Qlipso Inc.
- Website type: Multiuser Content-Sharing Platform
- Owners: Jon Goldman, Co-founder and Chief Executive Officer
- Creators: Ishay Pnueli and Jon Goldman
- Employees: 754
- Website: http://qlipso.com/
- Registration: Free

= Qlipso =

Israeli-American technology company

Qlipso Inc. is an Israeli-American technology company, which builds and operates multi-user content-sharing platforms for Flash-based media. The company's social-viewing platform provided users the ability to view and share various forms of media with others, live or asynchronously.

Since April 2010, the company holds the assets of the online video portal Veoh. In May 2012, Qlipso launched a new personal social video sharing platform, called Mixin, which allows users to find their friend's favorite videos, interact with them on the video itself, and discover the trending videos online in a personalized matter.

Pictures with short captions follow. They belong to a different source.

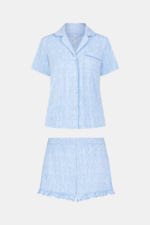 Lovely Monkey Wyatt Polo Pajamas - Image 7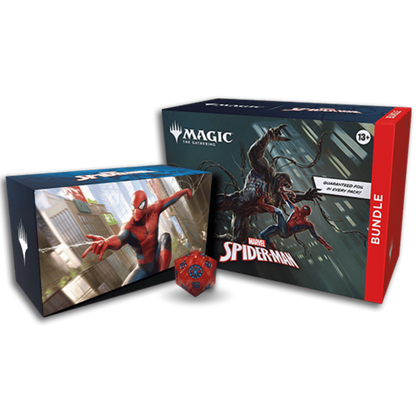 Marvel's Spider-Man - Bundle - Marvel's Spider-Man (SPM)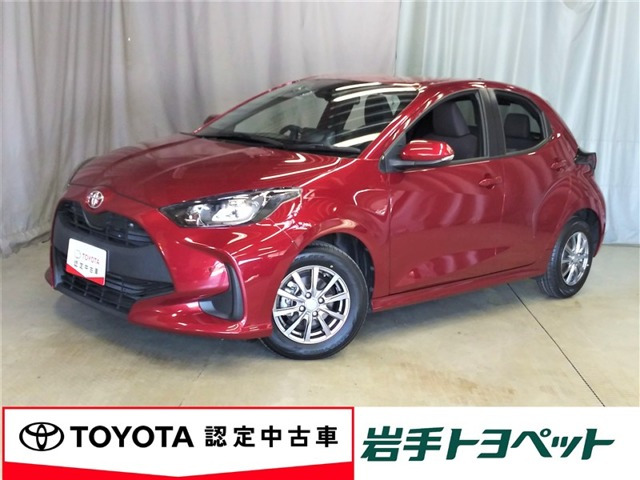 ヤリス 1.5 G 4WD 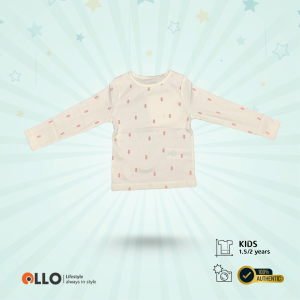 TR pink Denim Dungaree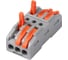 Клеммы строительно-монтажные проходные рычажные Jazzway CMK PTC-3P 4233 450V 32A 0,08-2,5(4,0) мм2 IP20 (упаковка 20 шт) 5073944 11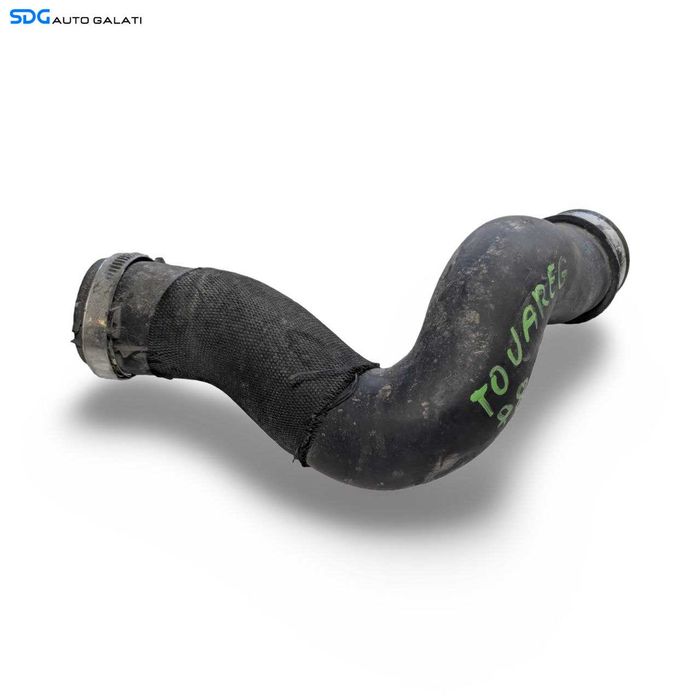 Furtun Conducta Intercooler Volkswagen Touareg 3.0 TDI 2002 - 2010 Cod 7L6145738A [LR2690]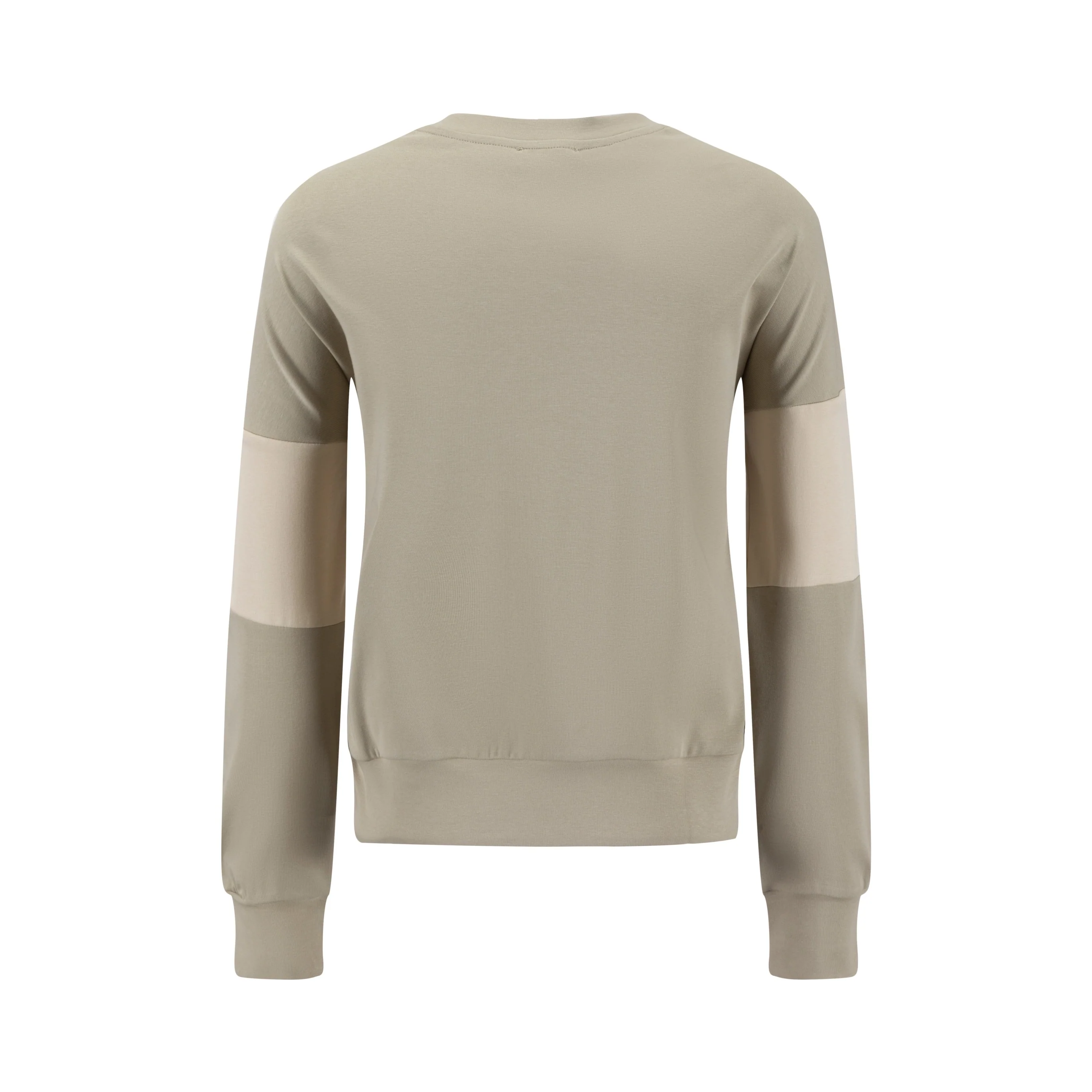 Basic Bold Stripe Top - Parchment - Image 3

The platform gained more than 200,000 users in the first days after the official launch.

==Acquisition of Veoh==
On April 8, 2010, it was announced that Qlipso had acquired substantially all of the assets of online video portal Veoh, which in 2008 had approximately 17 million unique visitors monthly. Qlipso used the acquisition to add a broad and established base of users, along with revenue, to its content-sharing service, while integrating its social-viewing features into Veoh's mainstream online video platform.

==Management and Funding==
Qlipso is led by an international team of established video game and digital media industry veterans. Qlipso was founded in September 2007 by Ishay Pnueli, a veteran of the video game and technology industries. Jon Goldman, who previously founded and served as CEO of the video game development company Foundation 9 Entertainment, joined Qlipso as CEO in early 2009. Qlipso was incubated and funded by Jerusalem Venture Partners and now headquartered in Los Angeles, California, with additional offices in New York City and Jerusalem, Israel.